The Leadwerks 4 renderer was built for maximum flexibility. The Leadwerks 5 renderer is being built first and foremost for great graphics with maximum speed. This is the fundamental difference between the two designs. VR is the main driving force for this direction, but all games will benefit.

Multithreaded Design

Leadwerks 4 does make use of multithreading in some places but it is fairly simplistic. In Leadwerks 5 the entire architecture is based around separate threads, which is challenging but a lot of fun for me to develop. I worked out a way to create a command buffer on the main thread that stores a list of commands for the rendering thread to perform during the next rendering frame. (Thanks for the tip on Lambda functions @Crazycarpet) Each object in the main thread has a simplified object it is associated with that lives in the rendering thread. For example, each Camera has a RenderCamera object that corresponds to it. Here's how changes in the main thread get added to a command buffer to be executed when the rendering thread is ready:

void Camera::SetClearColor(const float r,const float g,const float b,const float a)
{
	clearcolor.x = r; clearcolor.y = g; clearcolor.z = b; clearcolor.w = a;
#ifdef LEADWERKS_5
	GameEngine::cullingthreadcommandbuffer.push_back( [this->rendercamera, this->clearcolor]() { rendercamera->clearcolor = clearcolor; } );
#endif
}

The World::Render() command is still there for conceptual consistency, but what it really does it add all the accumulated commands onto a stack of command buffers for the rendering thread to evaluate whenever it's ready:

void World::Render(shared_ptr<Buffer> buffer)
{
	//Add render call onto command buffer
	GameEngine::cullingthreadcommandbuffer.push_back(std::bind(&RenderWorld::AddToRenderQueue, this->renderworld));

	//Copy command buffer onto culling command buffer stack
	GameEngine::CullingThreadCommandBufferMutex->Lock();
	GameEngine::cullingthreadcommandbufferstack.push_back(GameEngine::cullingthreadcommandbuffer);
	GameEngine::CullingThreadCommandBufferMutex->Unlock();
  
	//Clear the command buffer and start over
	GameEngine::cullingthreadcommandbuffer.clear();
}

The rendering thread is running in a loop inside a function that looks something like this:

shared_ptr<SharedObject> GameEngine::CullingThreadEntryPoint(shared_ptr<SharedObject> o)
{
	while (true)
	{
		//Get the number of command stacks that are queued
		CullingThreadCommandBufferMutex->Lock();
		int count = cullingthreadcommandbufferstack.size();
		CullingThreadCommandBufferMutex->Unlock();

		//For each command stack
		for (int i = 0; i < count; ++i)
		{
			//For each command
			for (int n = 0; n < cullingthreadcommandbufferstack[i].size(); ++n)
			{
				//Execute command
				cullingthreadcommandbufferstack[i][n]();
			}
		}

		//Remove executed command stacks
		CullingThreadCommandBufferMutex->Lock();
		int newcount = cullingthreadcommandbufferstack.size();
		if (newcount == count)
		{
			cullingthreadcommandbufferstack.clear();
		}
		else
		{
			memcpy(&cullingthreadcommandbufferstack[0], &cullingthreadcommandbufferstack[count], sizeof(sizeof(cullingthreadcommandbufferstack[0])) * (newcount - count));
			cullingthreadcommandbufferstack.resize(newcount);
		}
		CullingThreadCommandBufferMutex->Unlock();

		//Render queued worlds
		for (auto it = RenderWorld::renderqueue.begin(); it != RenderWorld::renderqueue.end(); ++it)
		{
			(it->first)->Render(nullptr);
		}
	}
	return nullptr;
}

I am trying to design the system for maximum flexibility with the thread speeds so that we can experiment with different frequencies for each stage. This is why the rendering thread goes through and executes all commands an all accumulated command buffers before going on to actually render any queued world. This prevents the rendering thread from rendering an extra frame when another one has already been received (which shouldn't really happen, but we will see).

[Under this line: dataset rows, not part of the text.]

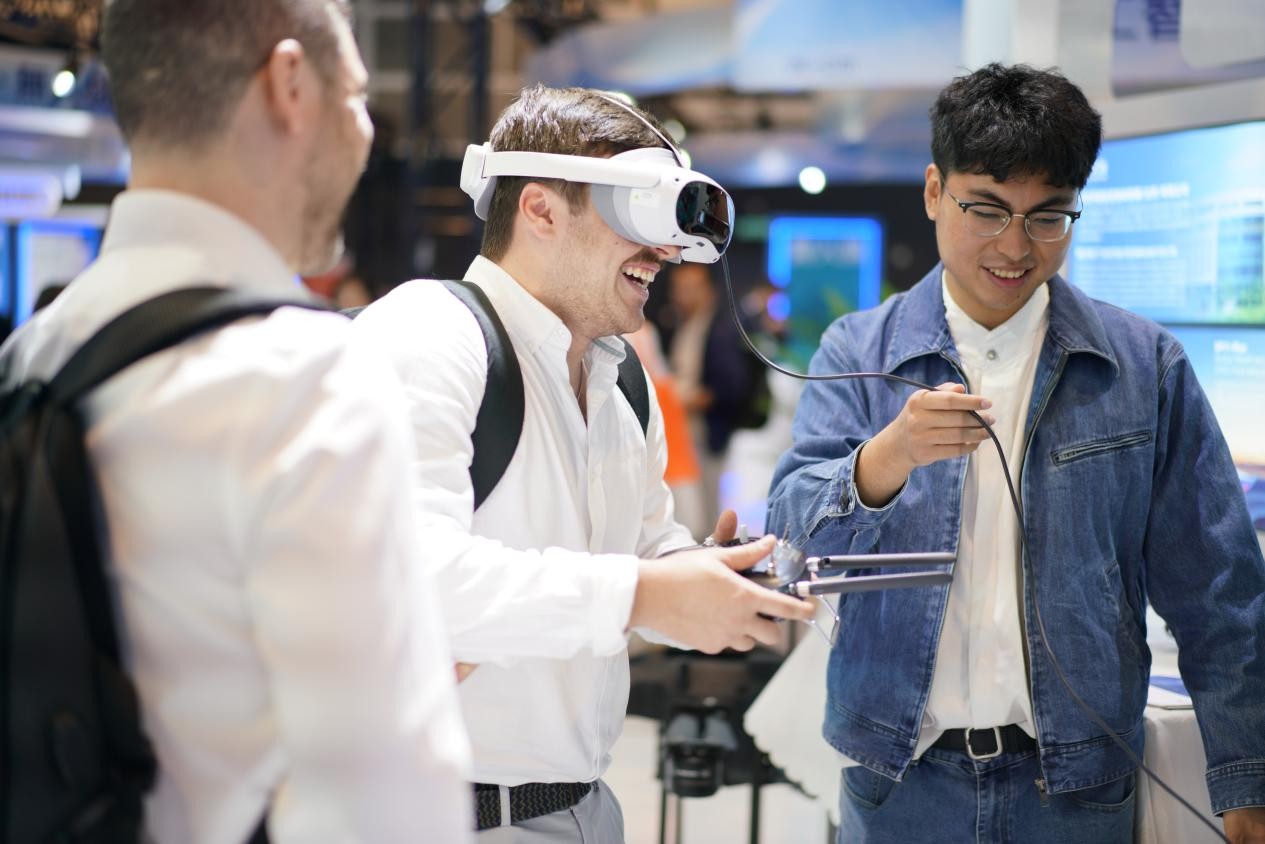 中關(guān)村科技園區(qū)亮相2025香港國(guó)際創(chuàng)科展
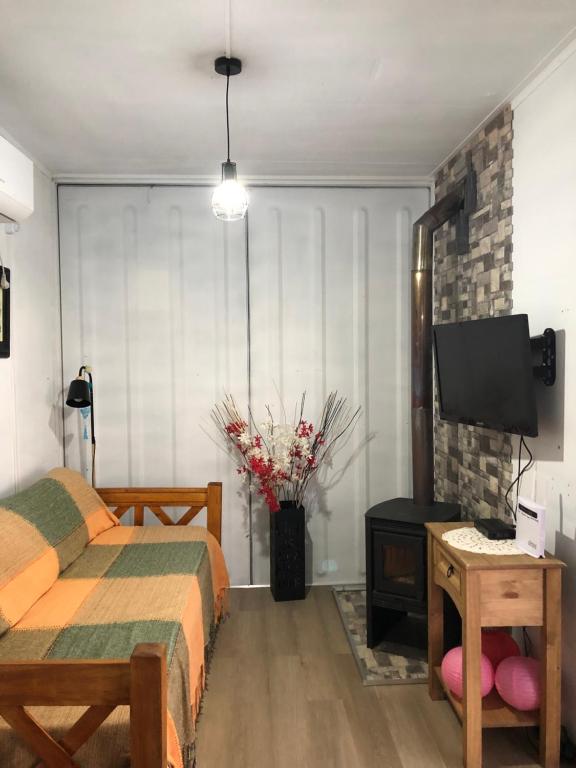 1 dormitorio con 2 camas y TV de pantalla plana en DARMI, en Villa Serrana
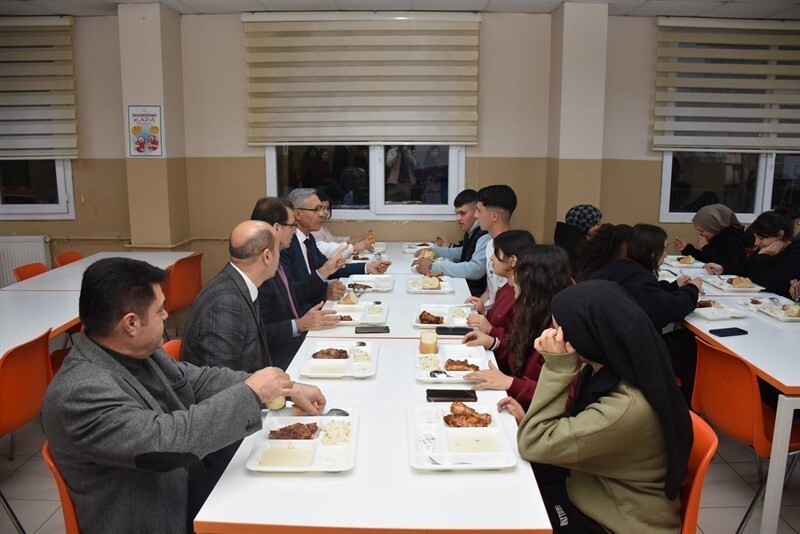 MANİSA’NIN SALİHLİ İLÇE KAYMAKAMI ALİ GÜLDOĞAN, SALİHLİ MERKEZ ANADOLU LİSESİ KIZ-ERKEK ÖĞRENCİ...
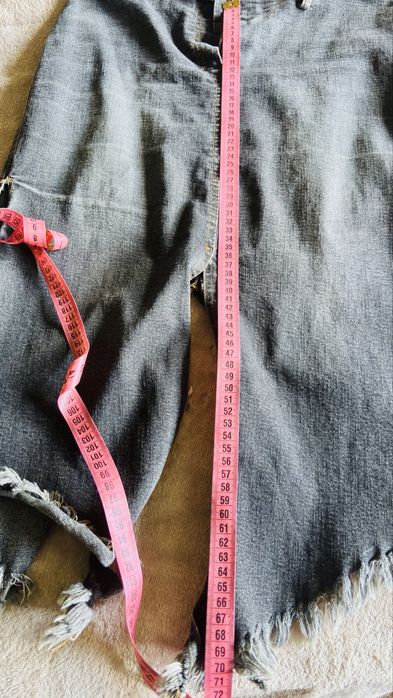 Fustă de blugi (denim) unică, cu design asimetric și franjuri!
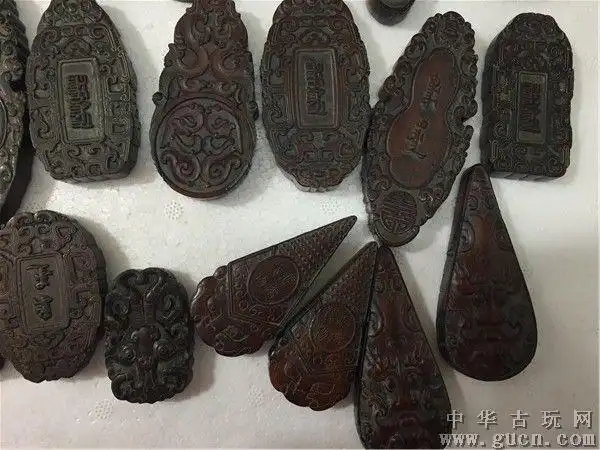 犀-牛-角斋戒挂牌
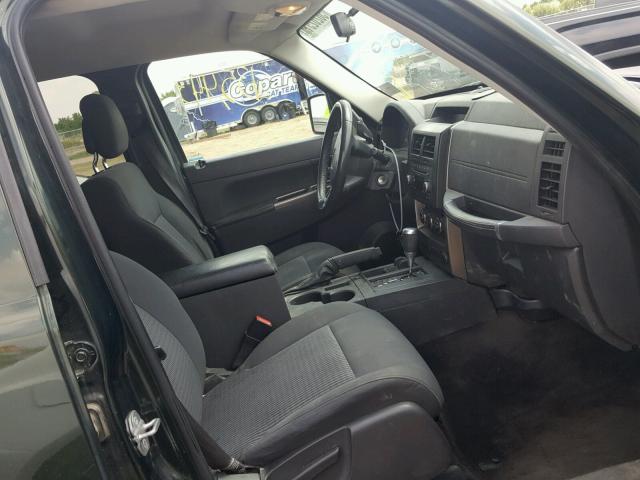 1J4PN3GK5AW147075 - 2010 JEEP LIBERTY RE GREEN photo 5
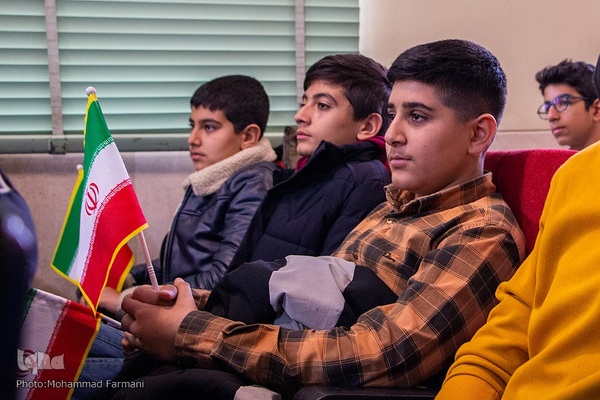 زنگ انقلاب در شیراز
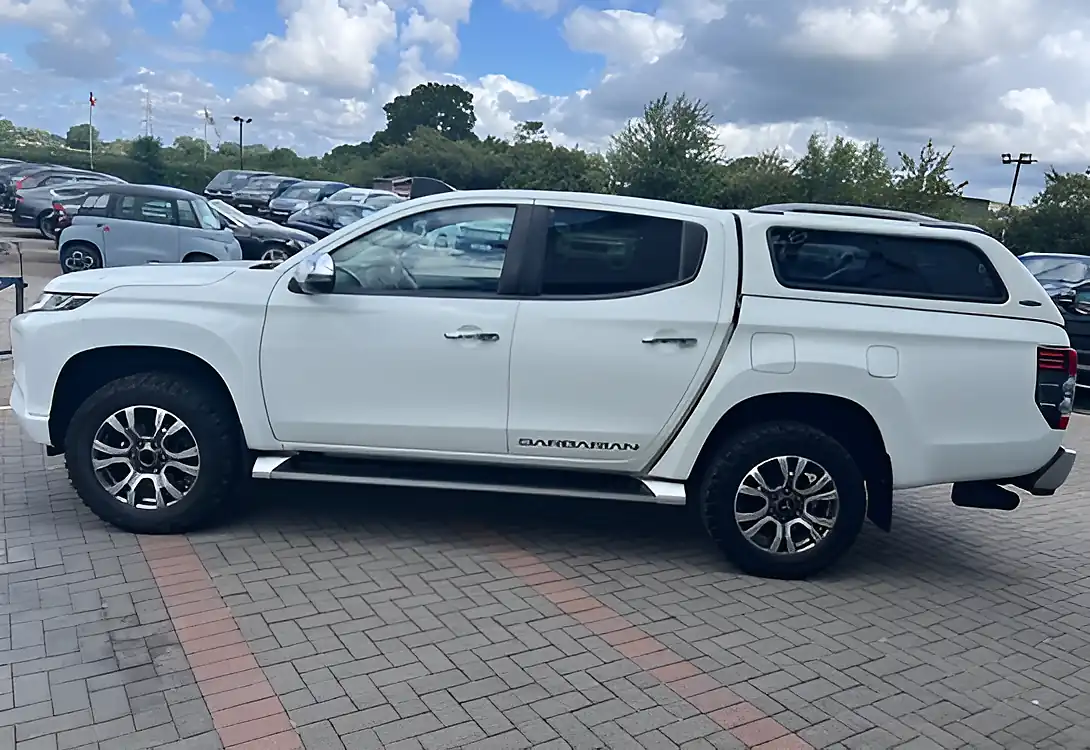Used 2020 Mitsubishi L200 Barbarian Double Cab Rear Canopy White - Interior and Exterior details 9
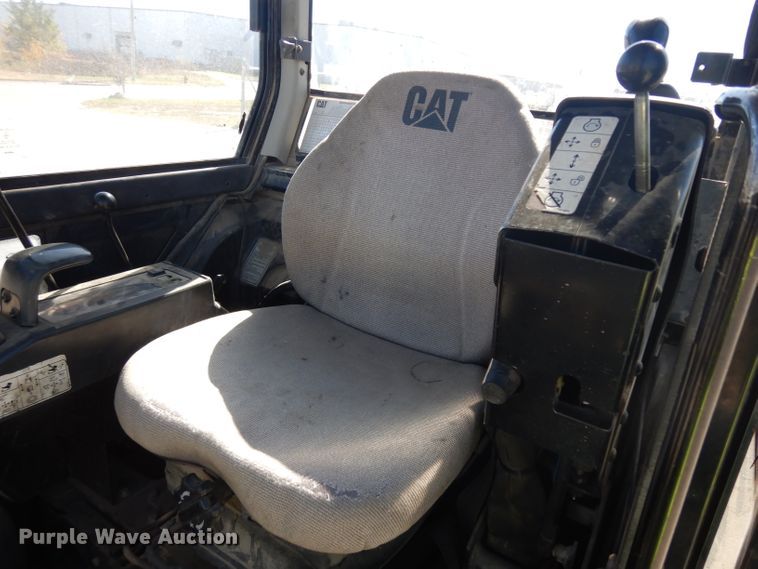 image for item HN9395 2002 Caterpillar 303.5  mini excavator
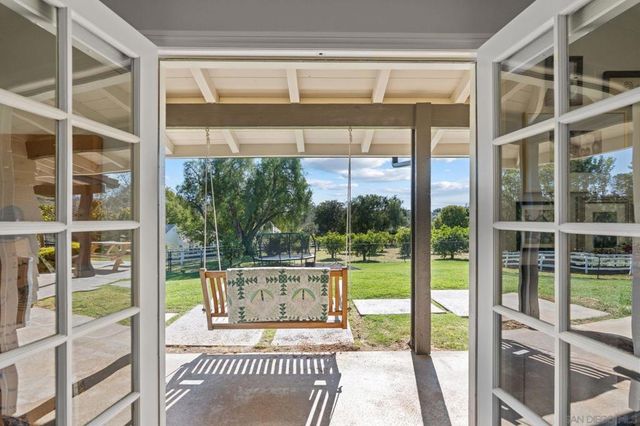 8 Country Glen Rd, Fallbrook, CA 92028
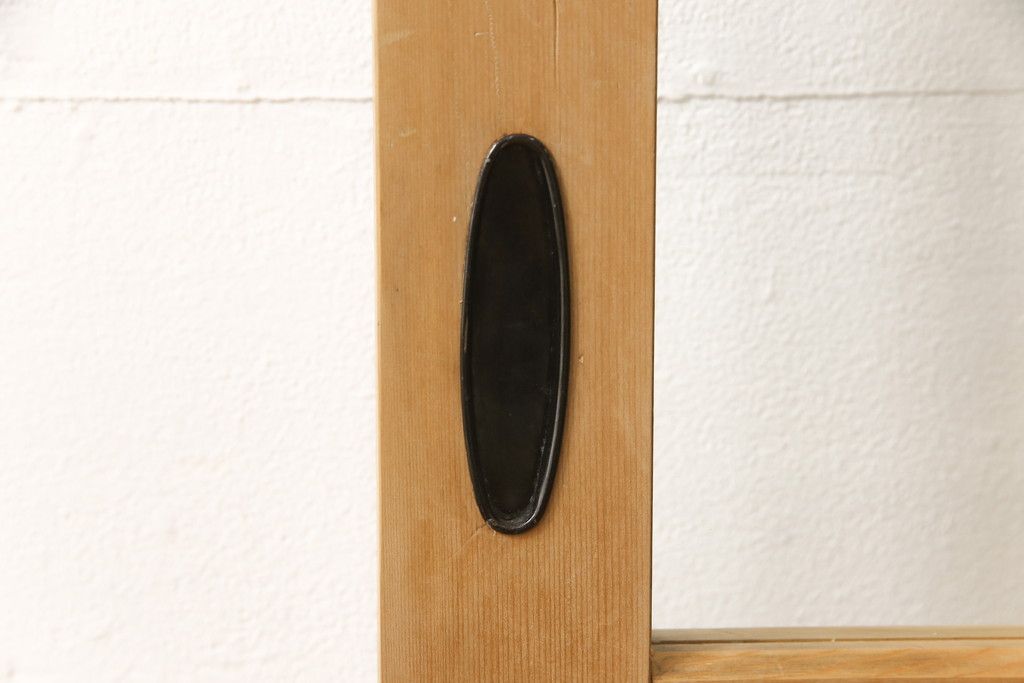 ガラス戸をリペア&カスタム!高さと幅をリサイズし、表の引き手そのままに、裏は似たものを取り付け。本体は現状の色味や雰囲気を残しつつクリアワックスにて仕上げ。(引き戸、玄関戸)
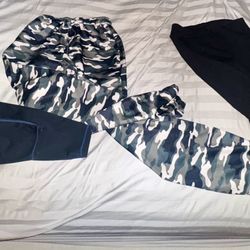 3 Pairs of Leggings – Army Style, Black & Blue Stitch – Size S/M Bundle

As you can see, the previously expensive World::Render() command now does almost nothing before returning to your game loop. I am also going to experiment with running the game loop and the rendering loop at different speeds. So let's say previously your game was running at 60 FPS and 1/3 of that time was spent rendering the world. This left you without about 11 milliseconds to execute your game code, or things would start to slow down. With the new design your game code could have up to 33 milliseconds to execute without compromising the framerate. That means your code could be three times more complex, and you would not have to worry so much about efficiency, since the rendering thread will keep blazing away at a much faster rate.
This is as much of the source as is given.